Muslim Backpedaling
Muslims today vociferously deny a Jewish Temple existed on the Temple Mount (Haram). However, their own literature affirms this fact and shows how they have changed their position to accomplish their objective of Islamic domination.
Page 4 of A Brief Guide to Al-Haram Al-Sharif, published by the Supreme Moslem Council in 1924 (but also in all subsequent editions through the 1950s), made the following declaration:
The site is one of the oldest in the world. Its sanctity dates from the earliest (perhaps pre-historic) times. Its identity with the site of Solomon’s Temple is beyond dispute. This, too, is the spot, according to the universal belief, on which “David built there an altar unto the Lord, and offered burnt offerings and peace offerings.”
On page 16, the booklet declares,
In the west wall of the chamber [beneath the southeast corner of the Haram], a door opens into a staircase descending to Solomon’s Stables. This is a vast subterranean chamber….It dates probably as far back as the construction of Solomon’s Temple. According to Josephus, it was in existence and was used as a place of refuge by the Jews at the time of the conquest of Jerusalem by Titus in the year 70 A.D.

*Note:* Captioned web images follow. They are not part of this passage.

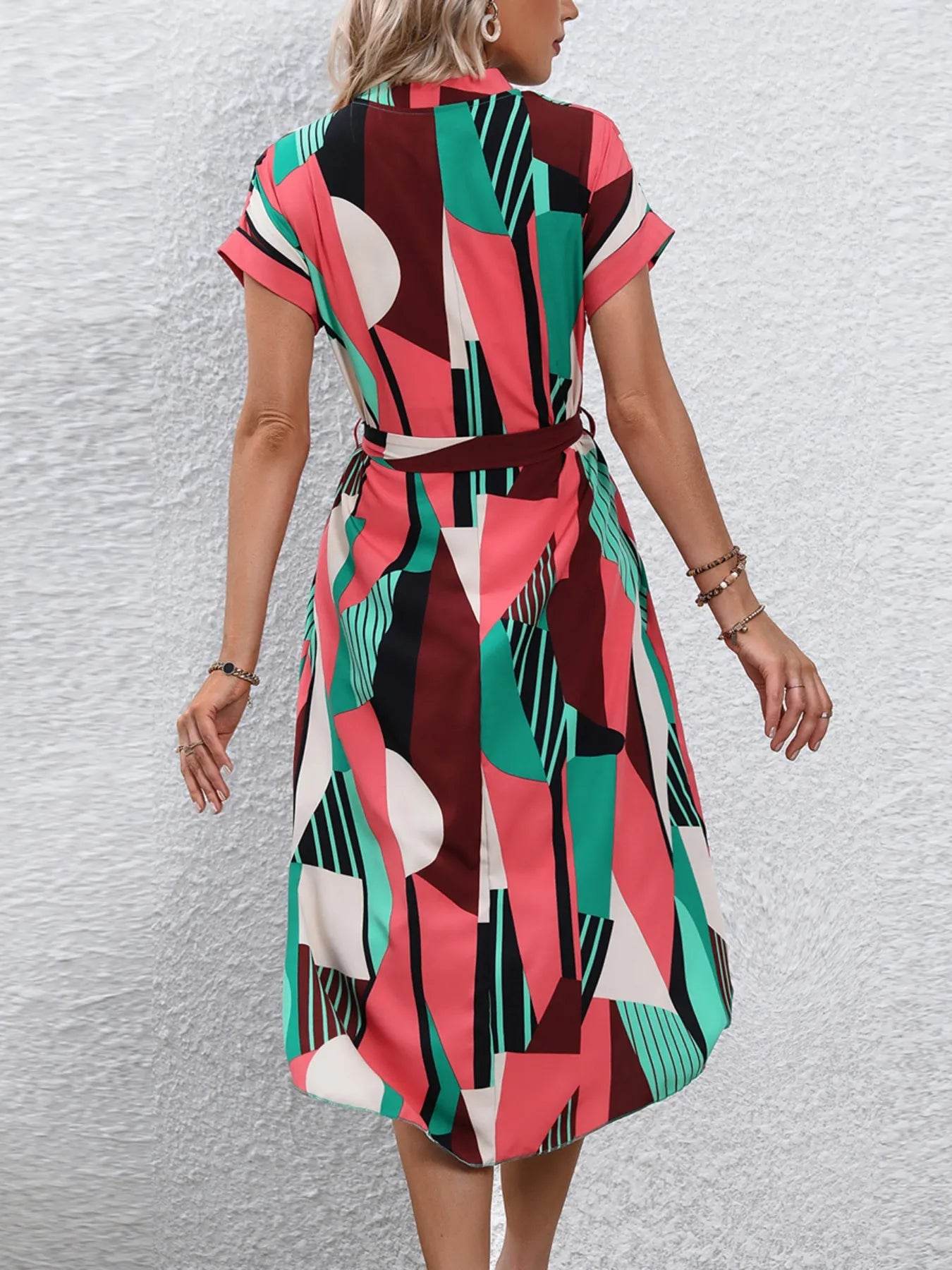 Tie Waist Short Sleeve Dress - ELY VESSA LLC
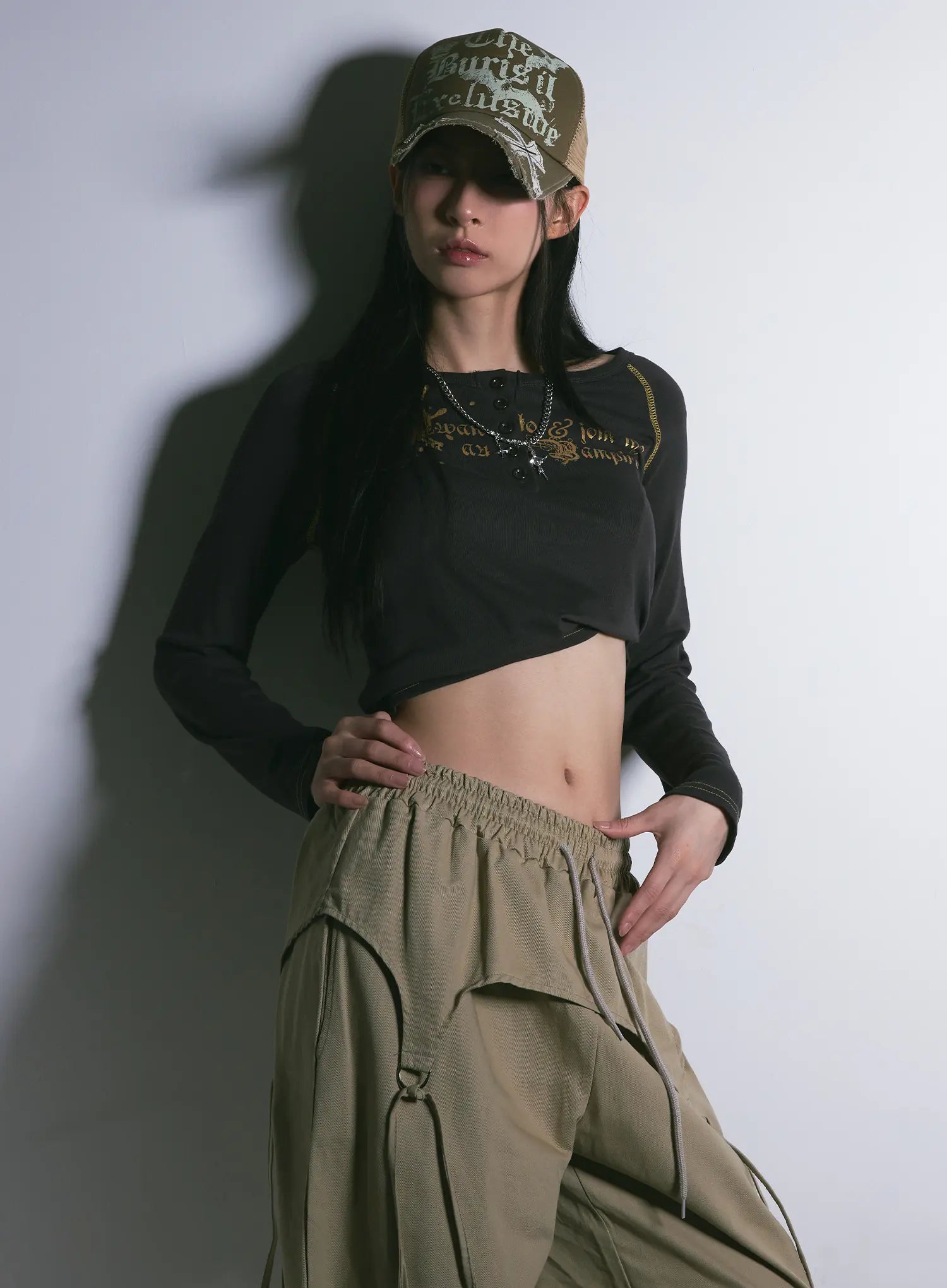 tattoo-graphic-u-neck-long-sleeve-tee-cg526 / Dark gray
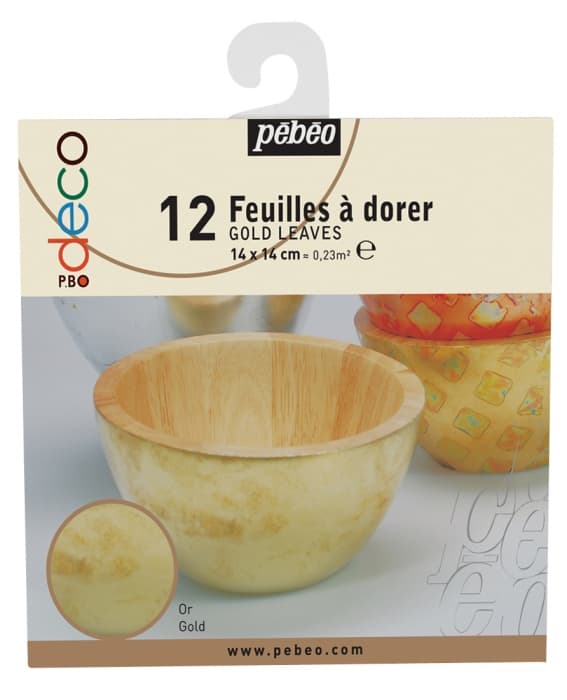 Pébéo zlaté listy 12 ks zlatá barva čelní pohled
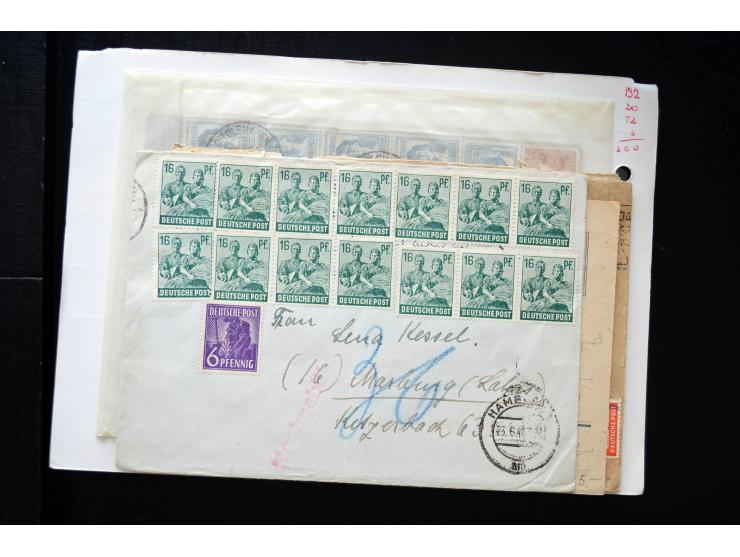 1945/50 (ca.), einige hundert Briefe, Karten und Ganzsachen mit sehr vielen besseren Verwendungen und Besonderheiten, dabei u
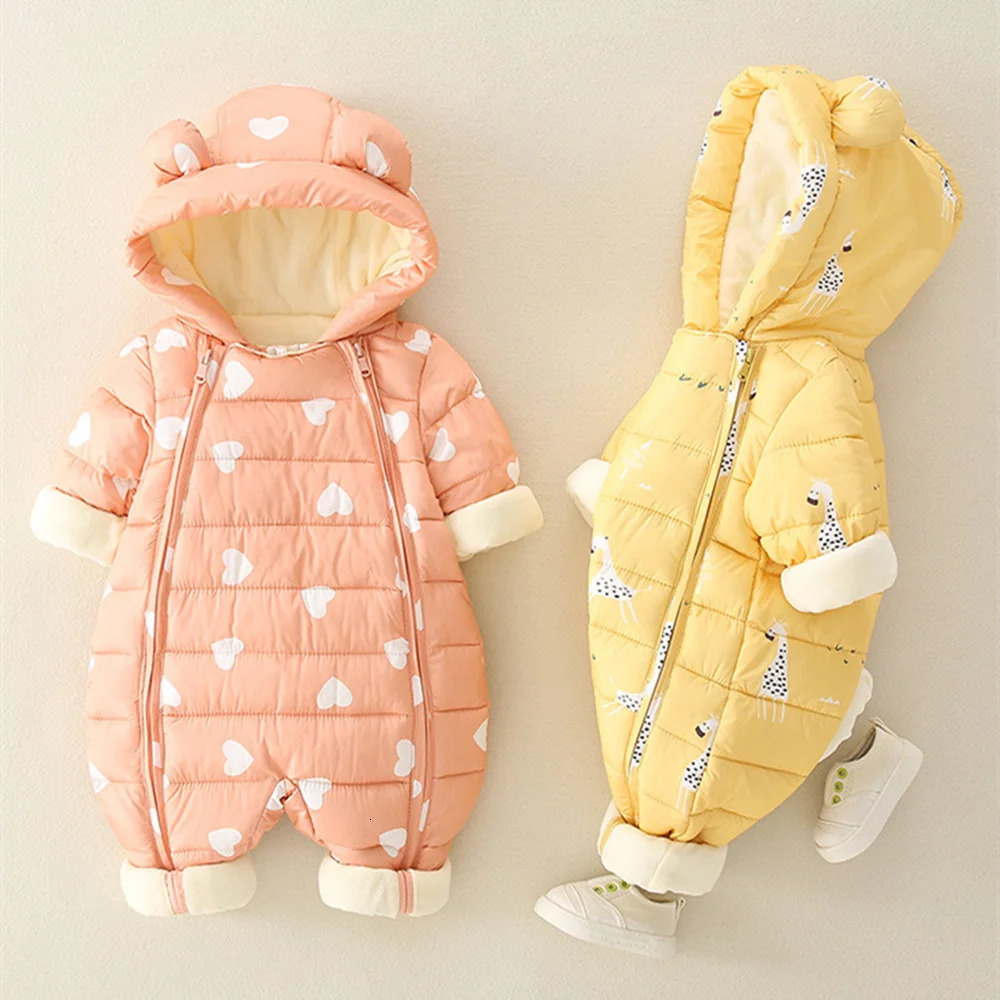 2024 born Baby Jumpsuit Hooded Plus Velvet Warm winter wear Baby Boys Snowsuit Toddler Snow Suit Girl Cotton Overalls Rompers 241025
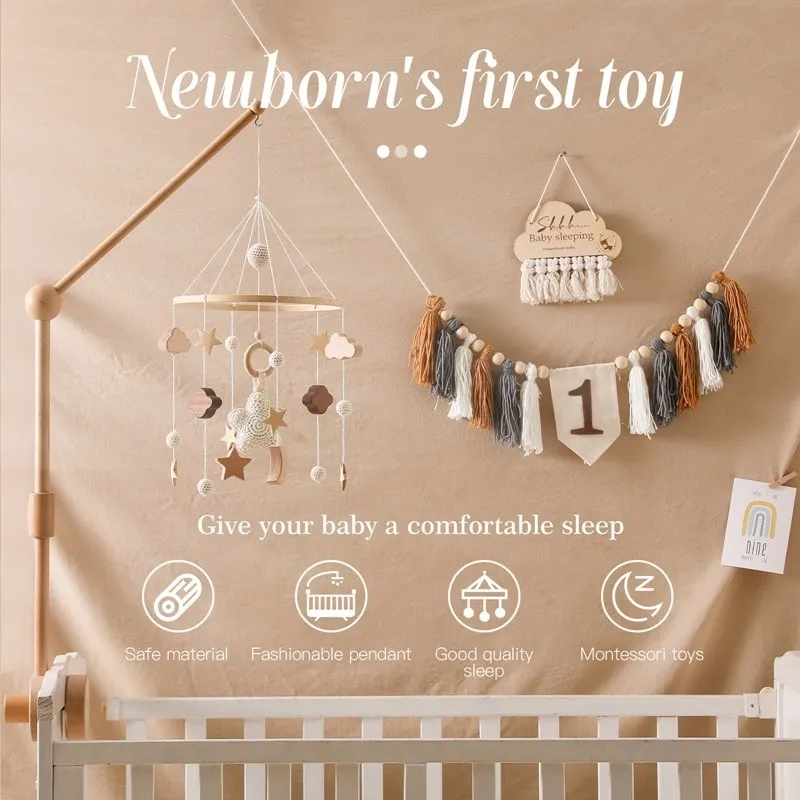 Wooden Baby Mobile With Music Box Newborn Sensory Toys - Image 2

The booklet teaches that the late Graeco-Roman marble monoliths inside the Dome of the Rock were taken from Hadrian’s Temple of Jupiter. Roman Emperor Hadrian ended the Second Jewish Revolt and punished the Jewish people by renaming Jerusalem and plowing the Temple Mount with salt. So this Muslim document affirms that Hadrian had indeed erected a pagan temple on the site of the Jewish Temple, as history has recorded.
Moreover, this official Muslim publication (page 16) reveals the Haram was clearly understood to have been the site of a Byzantine Christian Church venerating Jesus’ infancy (at the Temple). In addition, it states,
The first flight of steps takes us down to the small chamber…which was believed in medieval times to have been associated with Jesus Christ’s infancy;…and underneath the dome is a small niche lying horizontally, which was believed in early times to have been the Cradle of Christ and referred to under that name by several Arab historians.
How could such statements have been made by the same Muslim authority that today denies the existence of the Temple and its location on the Haram?
The answer is the need to develop a revisionist history in light of its goal to delegitimize the 1948 establishment of the Jewish state and its conquest of East Jerusalem (which includes the Temple Mount) in 1967.